LIVINGSTON, C. J., and GOODWYN and CLAYTON, JJ., concur.

On Rehearing

PER CURIAM.

This court on original deliverance had painstakingly studied and discussed this case in consultation in connection with the applicable authorities so cogently pressed on us by counsel for appellant. We were convinced then and still are that to reverse the judgment would have been entirely without warrant. We do, however, wish to make this brief response in deference to counsel's argument on rehearing.

It is asseverated that by the court's opinion counsel "has been taken to task" for failure to introduce certain witnesses and evidence. Suffice to say such was not the intent of the opinion, for the case was well tried.

It is argued that the court should not have mentioned as a circumstance against the defendant the fact that the two deputy sheriffs in the party of officers who were hidden in the garage were not produced as witnesses to corroborate the testimony of Vanderford and Thomas. The general principle, of course, is that no unfavorable inference may be drawn because of the absence of testimony where the absent witness is shown to have been equally accessible to both parties or that the testimony would have been cumulative. Coosa Portland Cement Co. v. Crankfield, 202 Ala. 369, 80 So. 451. The rule, however, is subject to some refinements. A party may not be expected to produce a witness likely to be unfavorable to him and if the other party has a witness possessing peculiar knowledge of the transaction and will probably be favorable to him and fails to produce such witness when he has the means of doing so, this in the absence of explanation is ground for suspicion that such better testimony would make against him. Carter v. Chambers, 79 Ala. 223; Alabama Power Co. v. Talmadge, 207 Ala. 86, 93 So. 548. Under *691 this latter principle, therefore, we think our statement regarding the absence of corroboratory testimony of that of the two company deputies to have been justified.

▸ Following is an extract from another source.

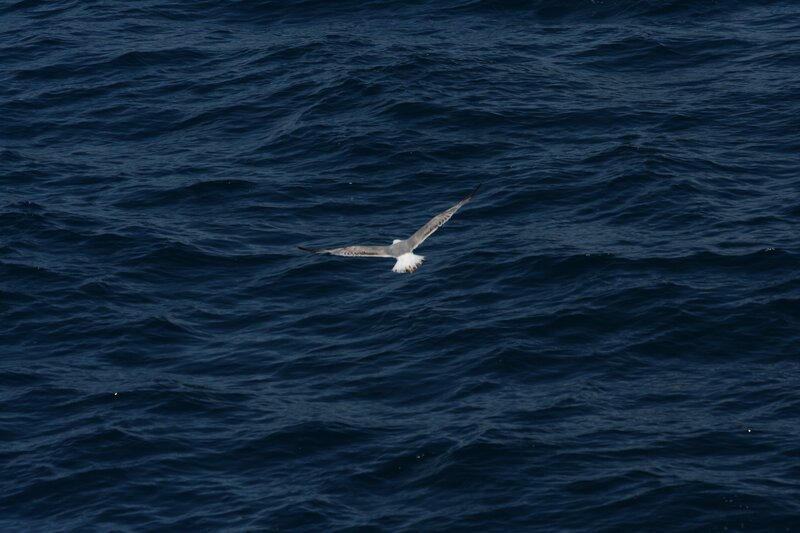 Seagull flying over the ocean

We are "taken to task" with respect to our view of certain of the evidence, and perhaps rightly so in stating that the deceased lived in the Edgewater Village, whereas he lived in the adjoining community of "Capstown," but such slight inadvertence could in no sense change the conclusion. And the same observation goes with respect to other criticisms of our interpretation of the evidence, including our statement that Vanderford was instructed to make an investigation and was in charge of same. The evidence is open to this inference, since it discloses that his superior officer, Davis, "instructed Vanderford to go to the Sheriff's Office in Bessemer and have an investigation made of the incident." Vanderford had already investigated, and notwithstanding the fact that the sheriff's deputies did arrange to pick up the two company deputies that morning to make the investigation, if Vanderford were not in charge of the party he certainly took charge at the scene of the tragedy. We think counsel is in grievous error in urging us to conclude as a matter of law that Vanderford and Thomas were acting under direction of the sheriff's office rather than that a substantial jury question was presented as to whether they were acting in line and scope of their own employment as company deputies.

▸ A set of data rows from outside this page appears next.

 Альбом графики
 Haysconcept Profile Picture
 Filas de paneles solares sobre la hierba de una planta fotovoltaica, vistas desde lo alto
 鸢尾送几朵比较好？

Learned counsel for appellant also directs our attention to the following statement in the opinion: "But the deceased was shot in the back, or at least there was no evidence to the contrary." Although there was evidence from which the inference might be drawn that the deceased was not shot in the back (i. e., the statement in the death certificate that the immediate cause of death of the deceased was gunshot wounds of the chest, arm, and shoulderalthough this would not necessarily mean the bullets entered from the frontand the testimony of the two deputies to the effect that deceased was shot as he was advancing towards them) and possibly a more correct appraisal of the testimony would be, there was no direct and positive evidence to the contrary rather than "there was no evidence to the contrary," this does not change the conclusion, viz., there was from all the evidence in the case warrant for the jury's conclusion that the deceased was not making a violent assault on the two company deputies.

We are constrained to adhere to the original conclusion.

Application for rehearing overruled.

LIVINGSTON, C. J., and SIMPSON, GOODWYN and CLAYTON, JJ., concur.